When considering the salt-balance equation over an extended period without major hydrologic changes, a pseudoequilibrium will
be approached, during which total salt inputs and outputs of the study area will be approximately equal (25).
We note that the bottom of the model domain was the top of the Corcoran
clay. Salt inflows occur by infiltration of irrigation water and
rainfall (Fig. 2C), whereas salts may leave the system by the drainage system, groundwater pumping above the Corcoran clay, deep groundwater
percolation through the Corcoran clay, and lateral groundwater flows toward the San Joaquin Valley trough (Fig. 2D). Moreover, much salt is produced by the net dissolution of gypsum (Fig. 2C). When analyzing the simulated annual total salt flows of the study area (Fig. 4B),
the combined net influx was ≈0.3–0.4 million tons (Mton)/yr during the
1950s and 1960s, resulting in an increase in salt storage over time.
However, although annual salt accumulations fluctuated later, depending
on irrigation water quantity and quality and drought, the average net
salt accumulation of the simulated domain appears to be near zero after
1970. The simulated cumulative change in salt storage over the 57-year
simulation period (Fig. 4B) shows that a pseudoequilibrium developed after 1970, with a total net salt increase between 8 and 10 Mton since 1940. For
example, in 1997, the salt input and output values were the same (Fig. 2 C and D),
when the total salt input by irrigation water (0.23 Mton) was equal to
salt removal by seepage through the Corcoran clay (0.12 Mton) and
lateral groundwater flows toward the San Joaquin Valley trough along
the eastern domain boundary (0.11 Mton).
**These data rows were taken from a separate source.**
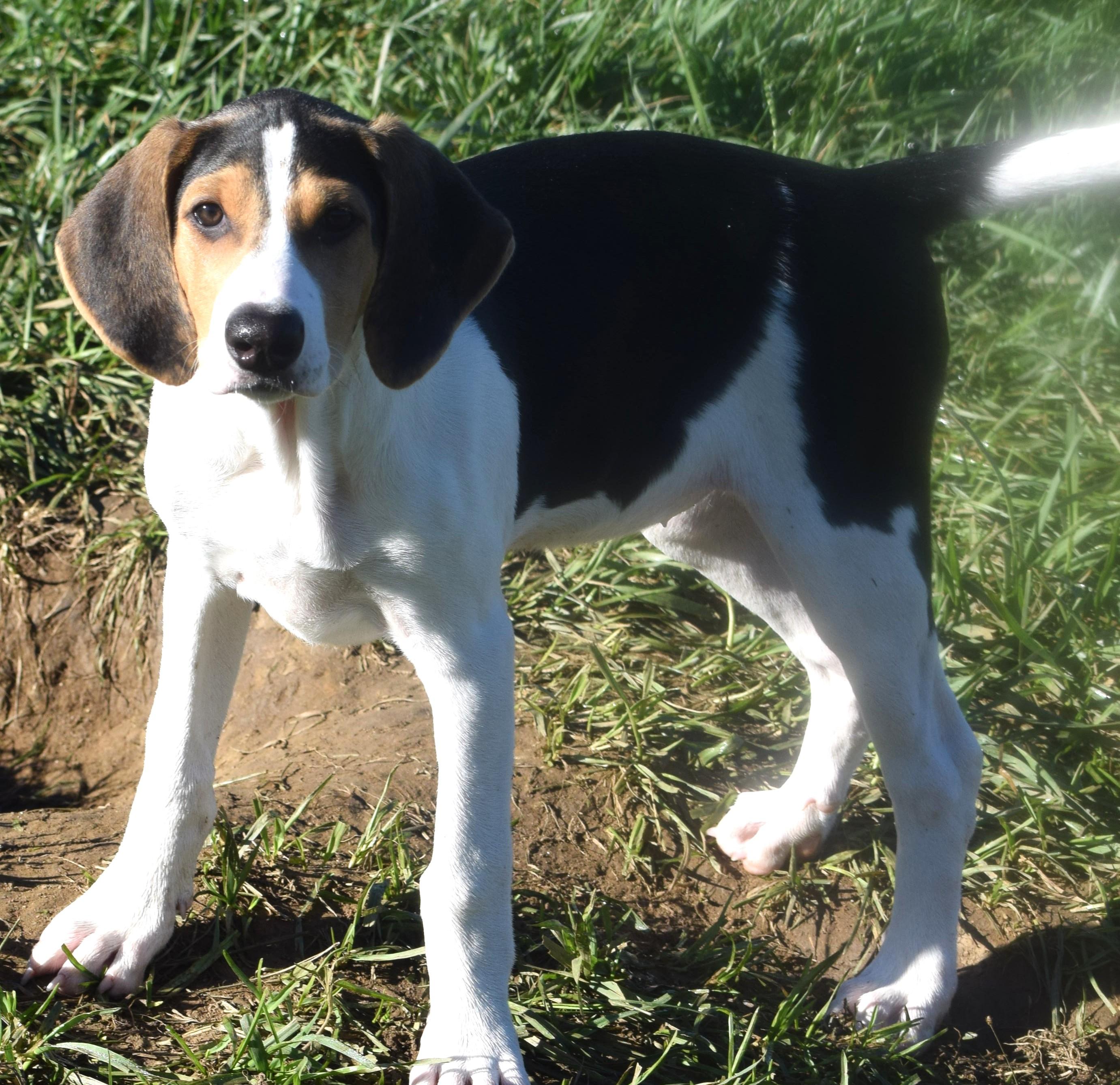 Kora-Available www.lhar.dog to apply, Adoptable, Puppy Female Hound.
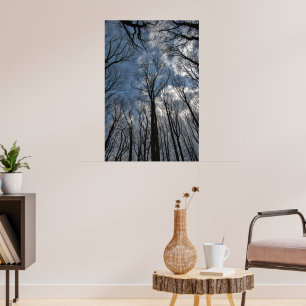 Tulip Poplar Trees Cloudy Blue Sky Poster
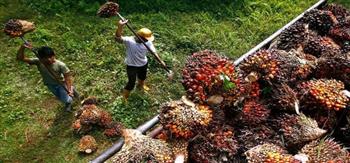 إندونيسيا تعلق جميع صادرات زيت النخيل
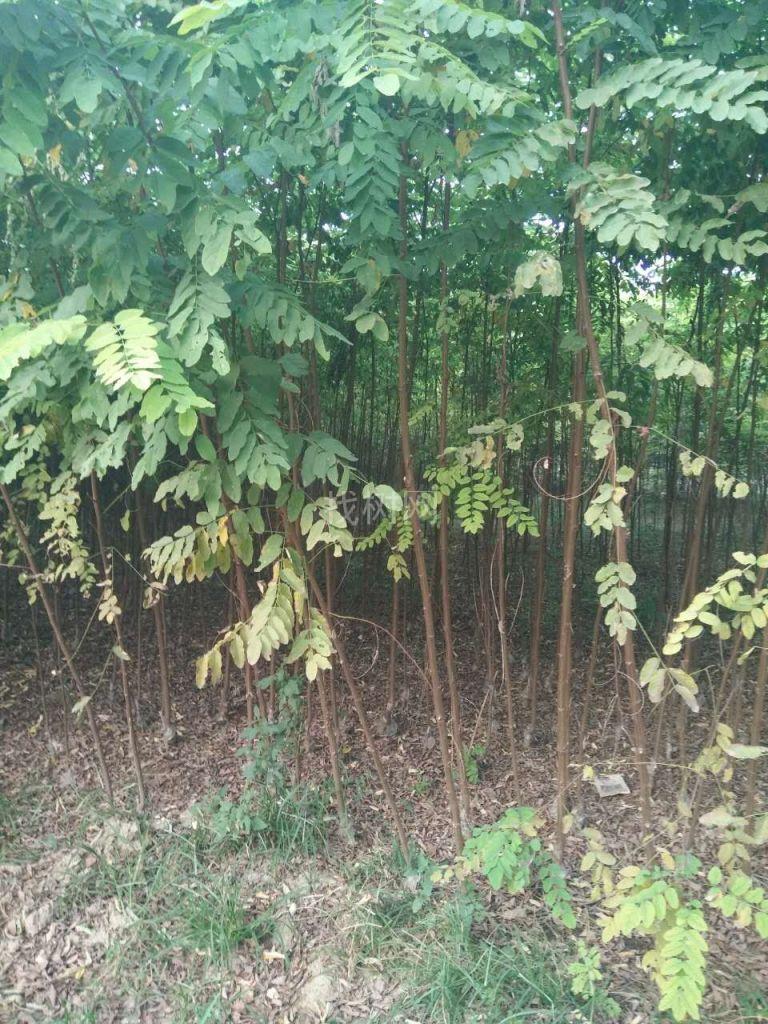 香花槐小苗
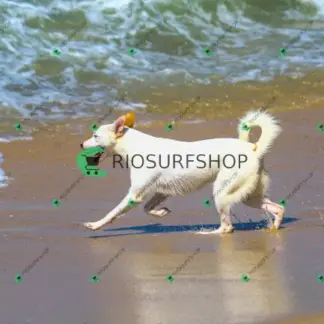 Foto 961 - Praia da Macumba 2026-03-26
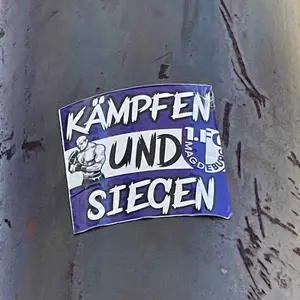 1 FC Magdeburg football sticker #2283 found in this city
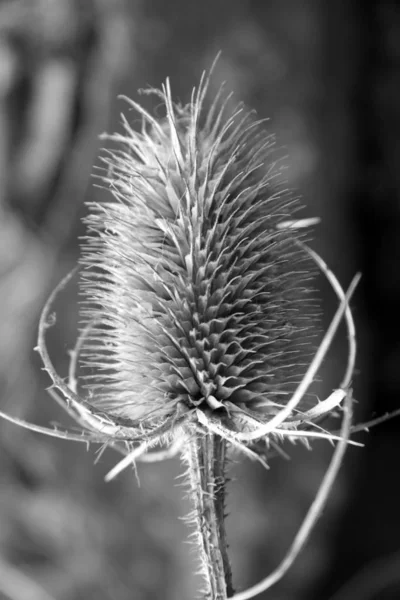 Schöne Blumen Blumiges Konzept Hintergrund — Stockfoto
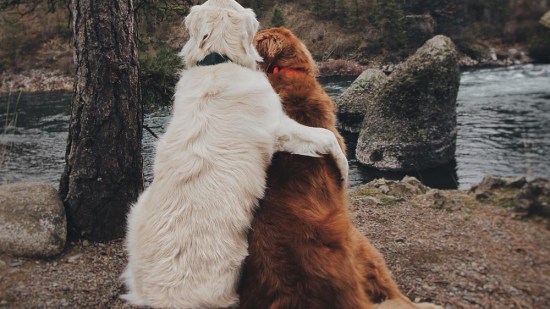 Dos golden abrazados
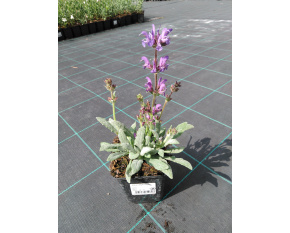 Salvia daghestanica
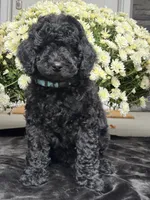 Maverick, a male Poodle - Standard  for sale in Canaan, ME – 2 of 2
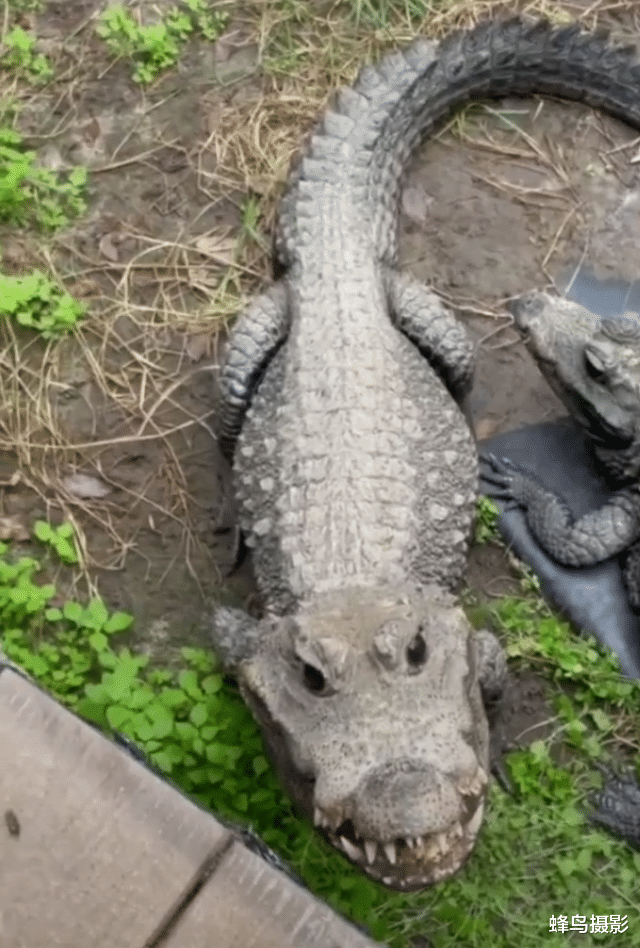  30张活久未见的照片，鲤鱼跃出水面吃树上的水果，这是要进化啊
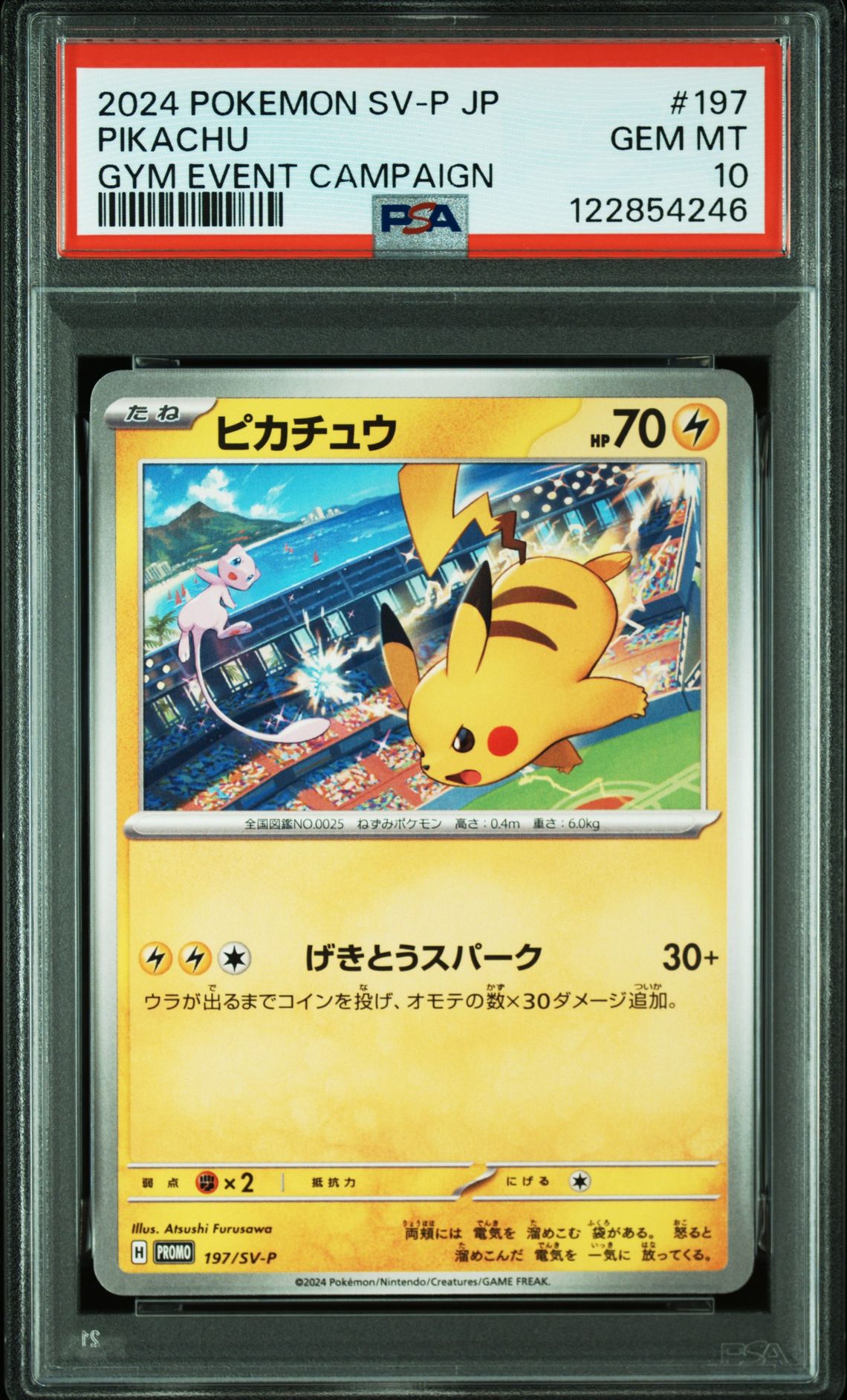 2024 Pokemon POKEMON JAPANESE SV-P PROMO GYM EVENT CAMPAIGN #197 Pikachu front
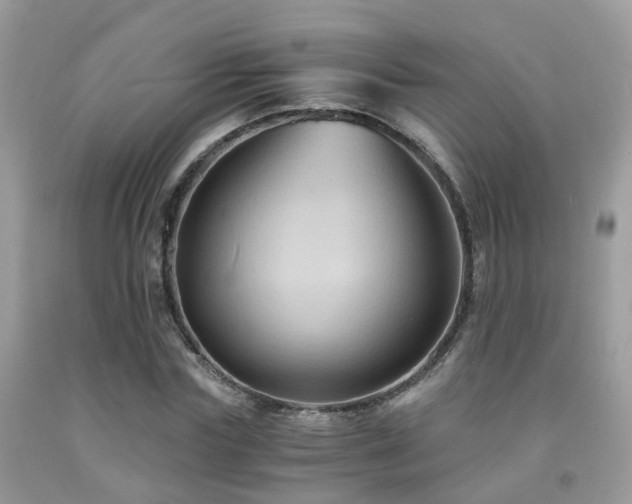 X0000092000827200709061437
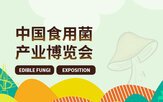 列表适合快速定位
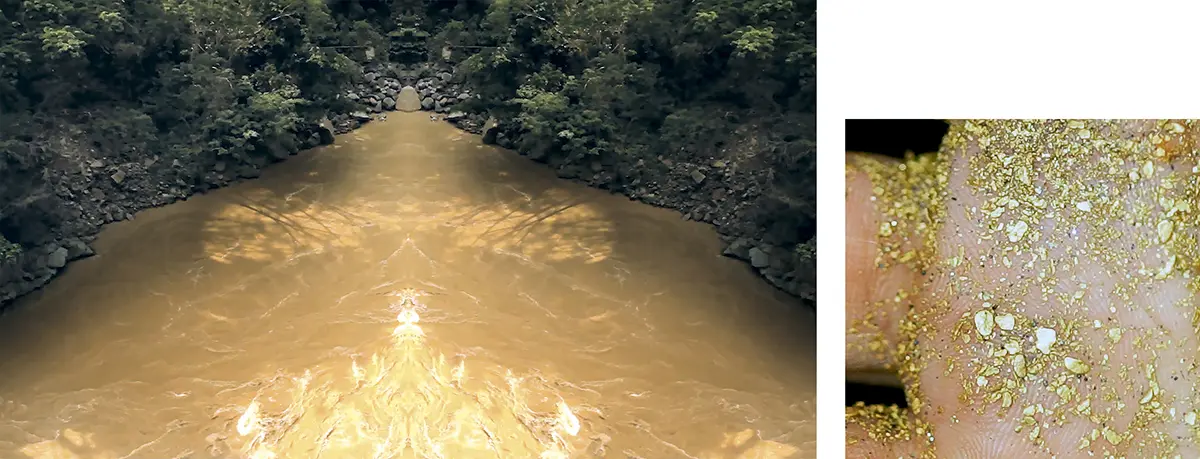 Colectiva: El Dorado. Un territorio — imagen 6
This equilibrium occurred
despite the fact that much more water entered the study area by
irrigation than was removed by vertical, lateral, and drainage flows (Fig. 2 A and B).
Such pseudoequilibrium in salt storage can only occur if the salinity
of the water inputs is much lower than that of the outputs. Indeed,
simulations confirmed it to be the case. Although the salt-balance
results indicate that crop productivity can be maintained,
sustainability is threatened in two ways. First, the storage of
dissolved salts has increased continuously since 1945 at an average
rate of ≈0.5 Mton/yr (Fig. 4B) due to gypsum dissolution (Fig. 2C).
Second, the simulations also showed that the deeper aquifers below the
Corcoran clay accumulate salt, thereby degrading deep groundwater
quality. By using 1997 again as an example, flow through the Corcoran
clay at a rate of 80 million m3/yr (Fig. 2B)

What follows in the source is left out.